With Oozie, you can view bundles, workflows, coordinator lists, details, and logs. You can access Oozie from the quick link on the cluster detail page. Below is how to configure Oozie scheduling.

Cluster typeAccess port
Standard (Single)Port 11000 on master node 1
HAPort 11000 on master node 3

Image
Oozie workflow list

Image
Oozie workflow job details

Image
Oozie workflow job content

Prepare

To run an Oozie workflow, you need a workflow.xml file and supplementary execution files.
Upload these files to HDFS and specify the path in the wf.properties file to execute. A Hive job structure is shown below.

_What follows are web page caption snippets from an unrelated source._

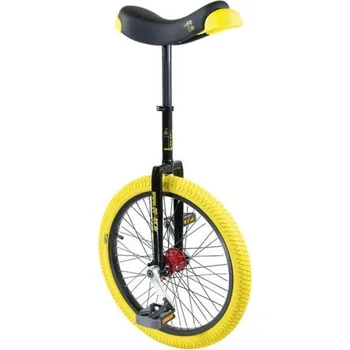 Jednokolka QU-AX Profi 20" černá/žlutá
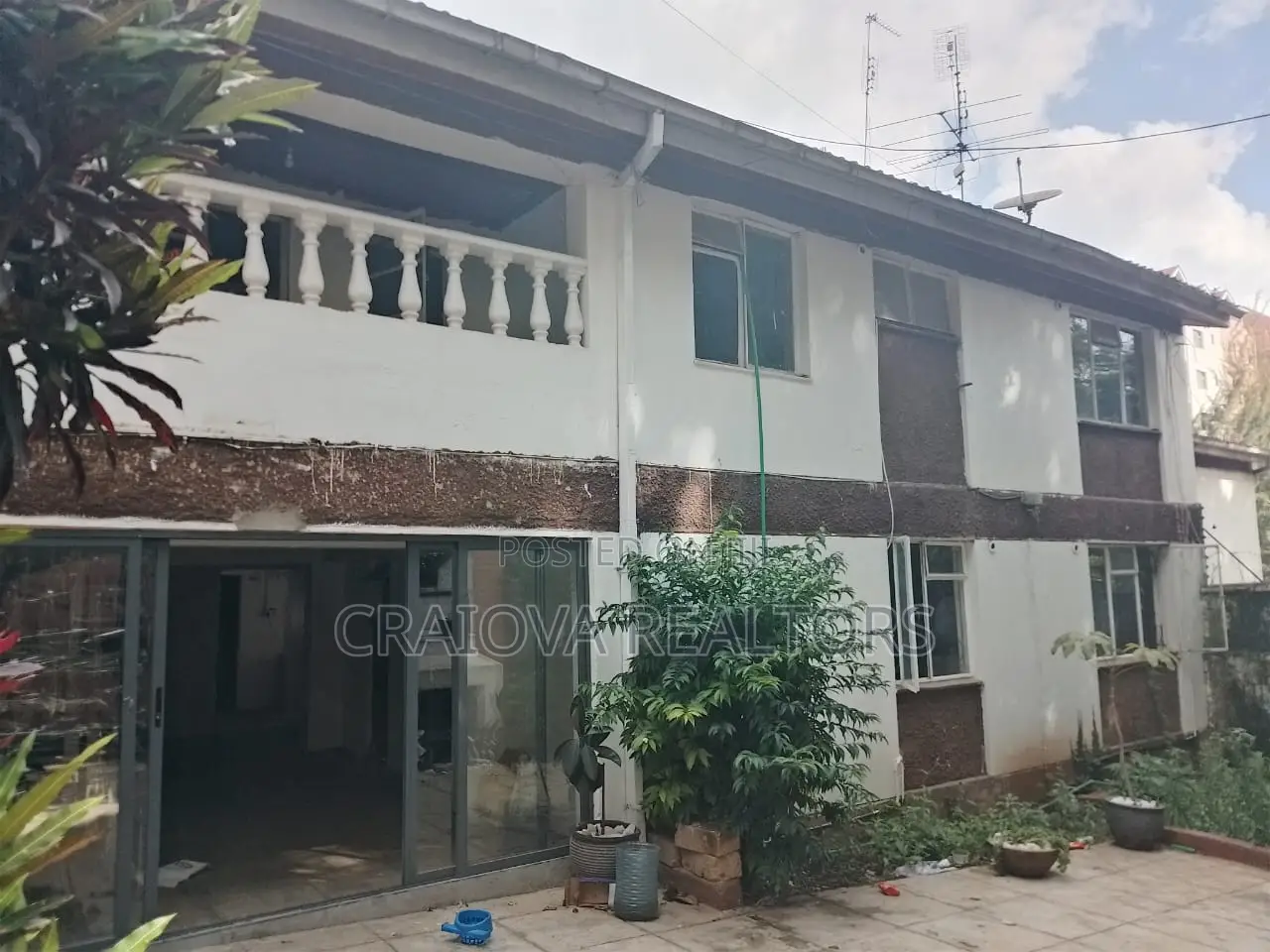 4bdrm Mansion in Kileleshwa for rent
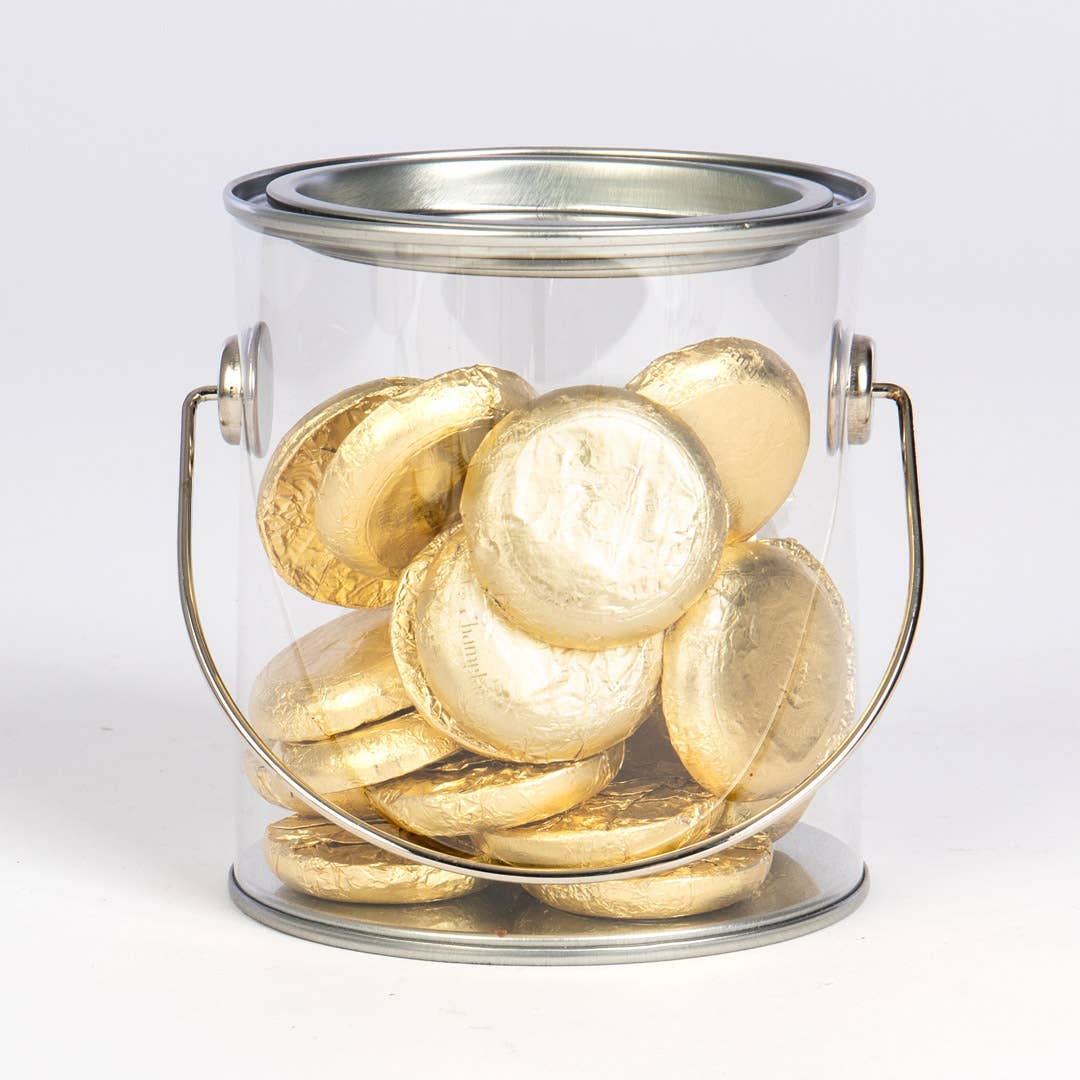 Willow Group - Wholesale Bucket/Pail - PET / Tin Lidded Tall Gift Bucket Displays Party Favors2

Hive job cluster_meta_configuration.json example
$ hadoop fs -ls hdfs:///wf_hive/
Found 3 items
-rw-r--r-- 2 ubuntu hadoop 22762 2022-03-30 05:11 hdfs:///wf_hive/hive-site.xml
-rw-r--r-- 2 ubuntu hadoop 168 2022-03-30 05:11 hdfs:///wf_hive/sample.hql
-rw-r--r-- 2 ubuntu hadoop 978 2022-03-30 05:11 hdfs:///wf_hive/workflow.xml

$ oozie job -run -config wf.properties
... [SLF4J log output] ...
job: 0000000-220330040805876-oozie-ubun-W

$ oozie job -info 0000000-220330040805876-oozie-ubun-W
... [SLF4J log output] ...
Job ID : 0000000-220330040805876-oozie-ubun-W
------------------------------------------------------------------------------------------------------------------------------------
Workflow Name : workflow_sample_job
App Path : hdfs:///wf_hive
Status : SUCCEEDED
Run : 0
User : ubuntu
Group : -
Created : 2022-03-30 05:12 GMT
Started : 2022-03-30 05:12 GMT
Last Modified : 2022-03-30 05:13 GMT
Ended : 2022-03-30 05:13 GMT
CoordAction ID: -

Actions
------------------------------------------------------------------------------------------------------------------------------------
ID Status Ext ID Ext Status Err Code
------------------------------------------------------------------------------------------------------------------------------------
0000000-220330040805876-oozie-ubun-W@:start: OK - OK -
0000000-220330040805876-oozie-ubun-W@hive_action OK application_1648613240828_0002SUCCEEDED -
0000000-220330040805876-oozie-ubun-W@end OK - OK -

Run Oozie workflow

You can run an Oozie workflow to configure scheduling.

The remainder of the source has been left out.